-- WHAT IS NEEDED --
The data is to be reproduced in full and without error.

[Web page caption snippets]
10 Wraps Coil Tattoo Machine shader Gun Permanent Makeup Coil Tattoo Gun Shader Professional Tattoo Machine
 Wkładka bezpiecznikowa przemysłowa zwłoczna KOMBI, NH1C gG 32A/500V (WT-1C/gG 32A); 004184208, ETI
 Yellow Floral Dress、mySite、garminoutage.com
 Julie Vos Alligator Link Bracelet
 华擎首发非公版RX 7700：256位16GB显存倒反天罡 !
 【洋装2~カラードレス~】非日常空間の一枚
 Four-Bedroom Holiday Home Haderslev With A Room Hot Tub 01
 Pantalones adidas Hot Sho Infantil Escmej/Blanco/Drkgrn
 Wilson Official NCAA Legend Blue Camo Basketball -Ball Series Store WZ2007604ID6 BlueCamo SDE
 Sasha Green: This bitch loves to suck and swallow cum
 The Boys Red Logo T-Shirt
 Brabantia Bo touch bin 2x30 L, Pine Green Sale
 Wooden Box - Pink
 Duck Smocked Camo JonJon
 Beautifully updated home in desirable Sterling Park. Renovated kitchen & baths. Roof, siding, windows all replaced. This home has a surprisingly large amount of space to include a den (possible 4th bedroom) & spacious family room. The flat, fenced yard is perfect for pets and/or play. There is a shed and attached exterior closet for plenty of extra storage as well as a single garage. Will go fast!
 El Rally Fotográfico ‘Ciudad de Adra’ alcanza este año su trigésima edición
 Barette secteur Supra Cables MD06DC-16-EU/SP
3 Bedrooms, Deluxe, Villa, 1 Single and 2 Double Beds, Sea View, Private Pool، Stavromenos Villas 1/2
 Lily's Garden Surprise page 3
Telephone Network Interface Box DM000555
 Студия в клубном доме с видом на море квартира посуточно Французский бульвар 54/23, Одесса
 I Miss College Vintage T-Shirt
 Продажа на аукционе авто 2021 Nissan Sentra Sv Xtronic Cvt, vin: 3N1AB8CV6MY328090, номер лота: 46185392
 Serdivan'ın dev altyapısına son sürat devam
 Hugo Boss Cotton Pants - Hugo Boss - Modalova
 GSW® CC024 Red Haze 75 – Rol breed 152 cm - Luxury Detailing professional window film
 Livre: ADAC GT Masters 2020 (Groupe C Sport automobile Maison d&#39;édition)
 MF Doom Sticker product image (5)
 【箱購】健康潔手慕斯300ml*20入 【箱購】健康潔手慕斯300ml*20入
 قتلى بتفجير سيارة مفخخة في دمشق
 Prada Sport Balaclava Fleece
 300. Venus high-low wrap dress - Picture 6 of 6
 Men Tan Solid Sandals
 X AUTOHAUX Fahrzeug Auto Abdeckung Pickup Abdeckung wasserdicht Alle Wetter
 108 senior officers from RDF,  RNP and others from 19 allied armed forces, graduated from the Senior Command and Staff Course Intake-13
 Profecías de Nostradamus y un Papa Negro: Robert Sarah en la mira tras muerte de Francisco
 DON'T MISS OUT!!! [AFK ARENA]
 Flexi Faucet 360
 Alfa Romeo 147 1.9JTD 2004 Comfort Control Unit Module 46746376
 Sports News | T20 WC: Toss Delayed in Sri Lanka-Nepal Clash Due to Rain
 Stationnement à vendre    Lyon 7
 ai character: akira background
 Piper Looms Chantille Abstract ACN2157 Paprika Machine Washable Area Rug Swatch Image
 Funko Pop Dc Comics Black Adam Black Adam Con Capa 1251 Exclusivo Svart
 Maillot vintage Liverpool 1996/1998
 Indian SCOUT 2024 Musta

-- WRITTEN REPLY --
10 Wraps Coil Tattoo Machine shader Gun Permanent Makeup Coil Tattoo Gun Shader Professional Tattoo Machine
 Wkładka bezpiecznikowa przemysłowa zwłoczna KOMBI, NH1C gG 32A/500V (WT-1C/gG 32A); 004184208, ETI
 Yellow Floral Dress、mySite、garminoutage.com
 Julie Vos Alligator Link Bracelet
 华擎首发非公版RX 7700：256位16GB显存倒反天罡 !
 【洋装2~カラードレス~】非日常空間の一枚
 Four-Bedroom Holiday Home Haderslev With A Room Hot Tub 01
 Pantalones adidas Hot Sho Infantil Escmej/Blanco/Drkgrn
 Wilson Official NCAA Legend Blue Camo Basketball -Ball Series Store WZ2007604ID6 BlueCamo SDE
 Sasha Green: This bitch loves to suck and swallow cum
 The Boys Red Logo T-Shirt
 Brabantia Bo touch bin 2x30 L, Pine Green Sale
 Wooden Box - Pink
 Duck Smocked Camo JonJon
 Beautifully updated home in desirable Sterling Park. Renovated kitchen & baths. Roof, siding, windows all replaced. This home has a surprisingly large amount of space to include a den (possible 4th bedroom) & spacious family room. The flat, fenced yard is perfect for pets and/or play. There is a shed and attached exterior closet for plenty of extra storage as well as a single garage. Will go fast!
 El Rally Fotográfico ‘Ciudad de Adra’ alcanza este año su trigésima edición
 Barette secteur Supra Cables MD06DC-16-EU/SP
3 Bedrooms, Deluxe, Villa, 1 Single and 2 Double Beds, Sea View, Private Pool، Stavromenos Villas 1/2
 Lily's Garden Surprise page 3
Telephone Network Interface Box DM000555
 Студия в клубном доме с видом на море квартира посуточно Французский бульвар 54/23, Одесса
 I Miss College Vintage T-Shirt
 Продажа на аукционе авто 2021 Nissan Sentra Sv Xtronic Cvt, vin: 3N1AB8CV6MY328090, номер лота: 46185392
 Serdivan'ın dev altyapısına son sürat devam
 Hugo Boss Cotton Pants - Hugo Boss - Modalova
 GSW® CC024 Red Haze 75 – Rol breed 152 cm - Luxury Detailing professional window film
 Livre: ADAC GT Masters 2020 (Groupe C Sport automobile Maison d&#39;édition)
 MF Doom Sticker product image (5)
 【箱購】健康潔手慕斯300ml*20入 【箱購】健康潔手慕斯300ml*20入
 قتلى بتفجير سيارة مفخخة في دمشق
 Prada Sport Balaclava Fleece
 300. Venus high-low wrap dress - Picture 6 of 6
 Men Tan Solid Sandals
 X AUTOHAUX Fahrzeug Auto Abdeckung Pickup Abdeckung wasserdicht Alle Wetter
 108 senior officers from RDF,  RNP and others from 19 allied armed forces, graduated from the Senior Command and Staff Course Intake-13
 Profecías de Nostradamus y un Papa Negro: Robert Sarah en la mira tras muerte de Francisco
 DON'T MISS OUT!!! [AFK ARENA]
 Flexi Faucet 360
 Alfa Romeo 147 1.9JTD 2004 Comfort Control Unit Module 46746376
 Sports News | T20 WC: Toss Delayed in Sri Lanka-Nepal Clash Due to Rain
 Stationnement à vendre    Lyon 7
 ai character: akira background
 Piper Looms Chantille Abstract ACN2157 Paprika Machine Washable Area Rug Swatch Image
 Funko Pop Dc Comics Black Adam Black Adam Con Capa 1251 Exclusivo Svart
 Maillot vintage Liverpool 1996/1998
 Indian SCOUT 2024 Musta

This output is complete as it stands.